──────── Exercise input ────────

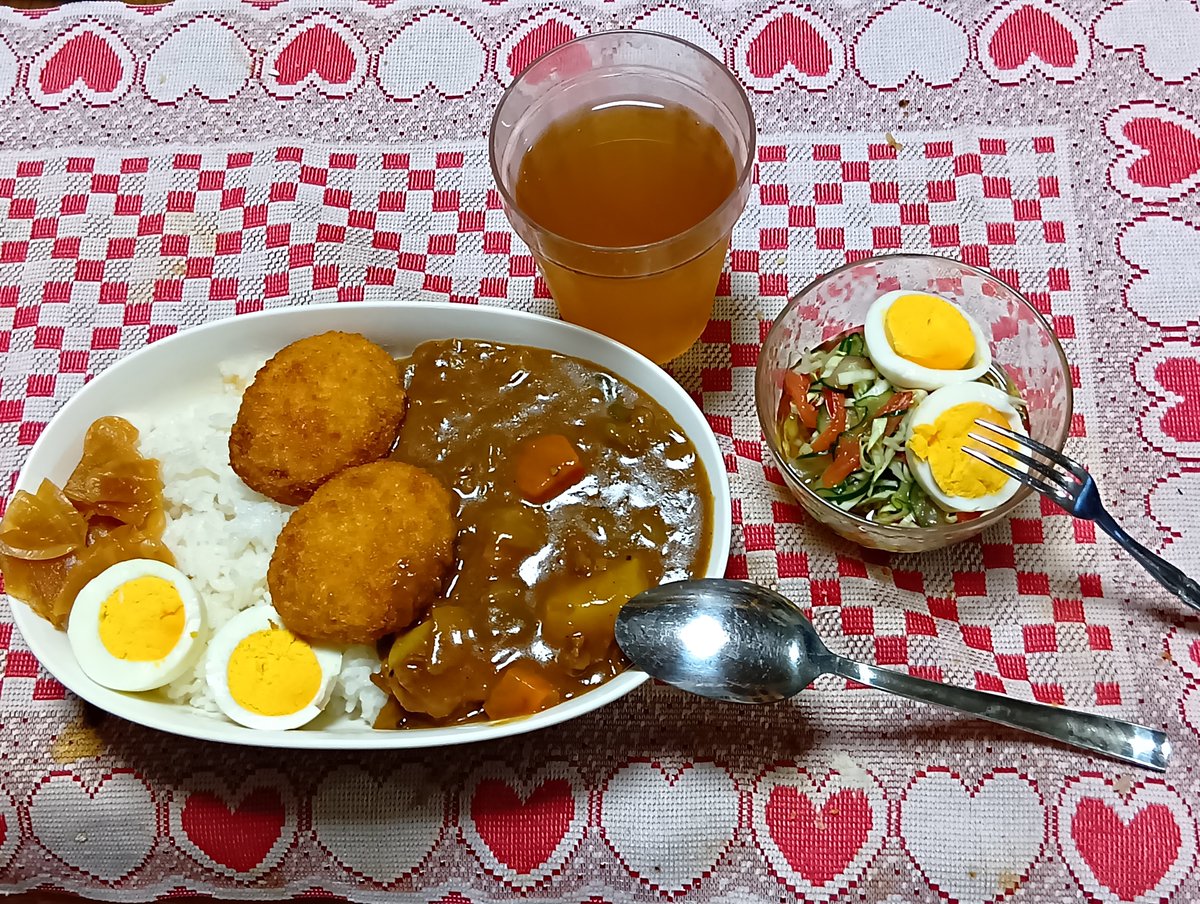 hir7148's tweet photo. 10日の夕飯は、仏様のお供え更新で和菓子などを食べたため無し。
11日は、筍飯のおにぎりと、赤だし。
12日はメンチカツカレー
と野菜サラダ。
13日はハンバーグカレーとわかめスープ。 https://t.co/2X9okSui5g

────────

### Directions
Where a record holds a picture, leave the picture out and restate the rest word for word.

### Task response
 hir7148's tweet photo. 10日の夕飯は、仏様のお供え更新で和菓子などを食べたため無し。
11日は、筍飯のおにぎりと、赤だし。
12日はメンチカツカレー
と野菜サラダ。
13日はハンバーグカレーとわかめスープ。 https://t.co/2X9okSui5g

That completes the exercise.